Data excerpts:

————————

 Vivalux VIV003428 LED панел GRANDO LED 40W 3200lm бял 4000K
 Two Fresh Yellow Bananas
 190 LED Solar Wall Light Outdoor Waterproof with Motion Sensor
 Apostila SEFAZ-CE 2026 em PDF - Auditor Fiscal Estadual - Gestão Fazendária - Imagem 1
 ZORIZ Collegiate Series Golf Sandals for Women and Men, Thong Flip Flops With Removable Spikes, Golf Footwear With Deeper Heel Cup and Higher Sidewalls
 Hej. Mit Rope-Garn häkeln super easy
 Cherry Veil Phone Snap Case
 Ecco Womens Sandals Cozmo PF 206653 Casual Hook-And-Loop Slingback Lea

————————

Task to complete: When the string "Sandals" appears in a line of the records above, that line is to be copied.

Answer space:
 ZORIZ Collegiate Series Golf Sandals for Women and Men, Thong Flip Flops With Removable Spikes, Golf Footwear With Deeper Heel Cup and Higher Sidewalls
 Ecco Womens Sandals Cozmo PF 206653 Casual Hook-And-Loop Slingback Lea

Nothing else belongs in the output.